How To Beat The Winter Bulge

With the clocks about to go back, the days will be increasingly gloomy and chilly soon, making summer a distant memory.

However, for many people, autumn is still a great time of year to enjoy. Many will love the colours of nature, while others will revel in events such as Halloween and Bonfire Night, as well as the start of Christmas markets as the festive season approaches.

Put together, all this can pose a few challenges for the waistline. On the one hand, there is the bonfire toffee and parkin, myriad of tasty free samples in the markets and the prospect of a festive season of overeating, excess drinking and stodgy puddings. 

On the other, there is the danger that colder, wetter and darker conditions outside make it harder to get out and about. Even stepping out into the rain to drive or walk to the gym may seem a far from enticing prospect on a dark winter night.

The average Christmas dinner of turkey and all the trimmings, plus a stodgy pudding, contains no fewer than 5,200 calories. This is compared with the 2,500 calories a day a man should consume, a figure that drops to 2,000 for a woman. 

If this was just a one-off, it wouldn’t matter. But there will be many more fattening meals at office Christmas parties and other gatherings in advent, mince pies after carol services, plus, of course, all the leftovers to be grazed on endlessly on Boxing Day. 

All this is why healthy diet meal prep can be vital in preventing you from piling on the pounds over the winter. 

On the one hand, it makes sure that a lot of your meals are automatically healthy and wholesome. Secondly, by ordering these you can maintain your motivation to eat healthily and be disciplined. 
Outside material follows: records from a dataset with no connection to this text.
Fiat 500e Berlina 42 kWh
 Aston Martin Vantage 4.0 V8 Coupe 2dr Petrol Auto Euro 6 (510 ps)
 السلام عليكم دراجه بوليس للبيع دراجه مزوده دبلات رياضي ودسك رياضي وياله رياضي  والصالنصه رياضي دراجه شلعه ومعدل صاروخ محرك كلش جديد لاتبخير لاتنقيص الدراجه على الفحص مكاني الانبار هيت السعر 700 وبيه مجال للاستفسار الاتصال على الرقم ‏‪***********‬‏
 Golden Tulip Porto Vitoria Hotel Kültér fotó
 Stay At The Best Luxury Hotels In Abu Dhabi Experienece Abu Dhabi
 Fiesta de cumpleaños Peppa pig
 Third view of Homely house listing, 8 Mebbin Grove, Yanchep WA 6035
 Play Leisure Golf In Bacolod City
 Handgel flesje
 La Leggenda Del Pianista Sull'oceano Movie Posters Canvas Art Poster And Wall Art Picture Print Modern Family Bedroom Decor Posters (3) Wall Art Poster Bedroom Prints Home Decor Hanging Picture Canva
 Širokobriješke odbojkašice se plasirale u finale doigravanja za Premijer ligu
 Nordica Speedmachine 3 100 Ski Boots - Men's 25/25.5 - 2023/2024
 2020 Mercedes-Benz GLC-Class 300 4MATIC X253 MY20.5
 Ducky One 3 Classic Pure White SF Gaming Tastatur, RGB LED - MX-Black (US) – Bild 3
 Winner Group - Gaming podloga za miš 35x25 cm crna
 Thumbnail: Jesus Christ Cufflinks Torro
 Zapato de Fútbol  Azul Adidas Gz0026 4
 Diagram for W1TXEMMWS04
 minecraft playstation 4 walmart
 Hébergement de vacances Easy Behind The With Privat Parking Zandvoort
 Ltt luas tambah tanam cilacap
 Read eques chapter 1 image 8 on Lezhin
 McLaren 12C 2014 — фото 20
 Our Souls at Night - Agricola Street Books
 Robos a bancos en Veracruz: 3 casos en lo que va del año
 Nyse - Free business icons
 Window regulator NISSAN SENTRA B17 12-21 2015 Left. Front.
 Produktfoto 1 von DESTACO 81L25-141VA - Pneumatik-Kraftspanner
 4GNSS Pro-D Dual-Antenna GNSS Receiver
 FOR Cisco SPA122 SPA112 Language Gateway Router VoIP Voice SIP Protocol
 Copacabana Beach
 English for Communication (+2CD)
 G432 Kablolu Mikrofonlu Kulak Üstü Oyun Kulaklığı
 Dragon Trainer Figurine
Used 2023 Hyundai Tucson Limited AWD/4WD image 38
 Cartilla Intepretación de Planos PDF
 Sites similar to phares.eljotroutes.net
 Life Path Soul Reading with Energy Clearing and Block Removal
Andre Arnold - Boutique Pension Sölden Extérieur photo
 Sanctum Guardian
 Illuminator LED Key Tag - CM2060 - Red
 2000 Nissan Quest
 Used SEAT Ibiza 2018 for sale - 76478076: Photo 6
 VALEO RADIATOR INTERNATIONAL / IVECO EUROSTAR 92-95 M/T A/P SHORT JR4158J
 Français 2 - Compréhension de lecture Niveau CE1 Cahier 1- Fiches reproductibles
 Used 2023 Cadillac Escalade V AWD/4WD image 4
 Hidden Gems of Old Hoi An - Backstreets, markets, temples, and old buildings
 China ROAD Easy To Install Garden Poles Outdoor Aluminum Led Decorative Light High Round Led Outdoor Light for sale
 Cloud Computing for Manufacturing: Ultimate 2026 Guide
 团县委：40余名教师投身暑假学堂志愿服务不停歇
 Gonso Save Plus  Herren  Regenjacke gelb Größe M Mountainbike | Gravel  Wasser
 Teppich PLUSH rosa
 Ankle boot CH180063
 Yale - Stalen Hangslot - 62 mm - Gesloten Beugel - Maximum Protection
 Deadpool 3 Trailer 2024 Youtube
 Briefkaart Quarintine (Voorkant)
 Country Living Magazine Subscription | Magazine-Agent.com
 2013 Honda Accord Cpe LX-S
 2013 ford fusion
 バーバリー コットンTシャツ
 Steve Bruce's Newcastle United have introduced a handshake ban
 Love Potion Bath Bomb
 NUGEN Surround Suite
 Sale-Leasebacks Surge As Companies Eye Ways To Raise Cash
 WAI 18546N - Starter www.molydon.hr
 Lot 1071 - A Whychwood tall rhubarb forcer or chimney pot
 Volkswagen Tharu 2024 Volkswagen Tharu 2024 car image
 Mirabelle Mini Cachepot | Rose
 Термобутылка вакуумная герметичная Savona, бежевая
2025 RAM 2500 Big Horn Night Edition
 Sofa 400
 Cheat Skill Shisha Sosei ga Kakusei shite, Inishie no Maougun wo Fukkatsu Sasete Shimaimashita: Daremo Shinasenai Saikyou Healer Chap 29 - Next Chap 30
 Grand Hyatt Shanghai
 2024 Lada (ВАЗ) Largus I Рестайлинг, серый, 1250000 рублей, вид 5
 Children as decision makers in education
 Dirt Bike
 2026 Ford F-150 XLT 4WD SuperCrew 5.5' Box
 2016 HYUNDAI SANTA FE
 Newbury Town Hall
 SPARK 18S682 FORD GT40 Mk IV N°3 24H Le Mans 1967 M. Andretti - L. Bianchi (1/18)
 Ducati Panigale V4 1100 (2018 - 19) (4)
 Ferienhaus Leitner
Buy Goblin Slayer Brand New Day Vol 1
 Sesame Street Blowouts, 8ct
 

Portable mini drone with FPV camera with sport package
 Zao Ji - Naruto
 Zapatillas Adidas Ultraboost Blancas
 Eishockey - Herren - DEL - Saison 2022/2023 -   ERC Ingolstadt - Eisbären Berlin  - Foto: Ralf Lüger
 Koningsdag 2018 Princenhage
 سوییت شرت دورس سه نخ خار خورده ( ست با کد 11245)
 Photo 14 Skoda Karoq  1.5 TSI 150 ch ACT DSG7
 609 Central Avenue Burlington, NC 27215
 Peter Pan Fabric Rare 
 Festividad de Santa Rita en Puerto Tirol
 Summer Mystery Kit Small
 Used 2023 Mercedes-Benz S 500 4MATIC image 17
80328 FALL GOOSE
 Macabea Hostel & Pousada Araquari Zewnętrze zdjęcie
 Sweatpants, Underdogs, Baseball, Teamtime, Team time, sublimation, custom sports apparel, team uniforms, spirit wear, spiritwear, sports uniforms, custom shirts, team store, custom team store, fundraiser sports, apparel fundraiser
Secondly, and just as importantly, you are not left feeling too full and bloated after a meal, which can hamper efforts to get on with some exercise. This, in turn, means that having got some exercise you can feel fitter and more motivated, which will help you to carry on being disciplined.

None of this means you cannot enjoy yourself over the next few months, but what it does mean is that you minimise the extra intake of calories and stay motivated, instead of ‘letting yourself go’ over the winter and then trying to get fit again in the spring.

A major challenge that can arise is in the New Year, when all the fun seems to stop. There’s no fireworks, no Christmas lights, and the tree has come down. The notion that the third Monday of the year – Blue Monday – is the gloomiest day is a bit of a myth, but undoubtedly it can be a time when many will feel a bit demotivated as their wallets are flat, the weather is cold and it’s still very dark.

However, by maintaining the consistency provided by healthy meal prep, you can ensure your diet does not become too fattening or a factor in a struggle to maintain discipline, helping you to emerge from the winter without putting on too many pounds.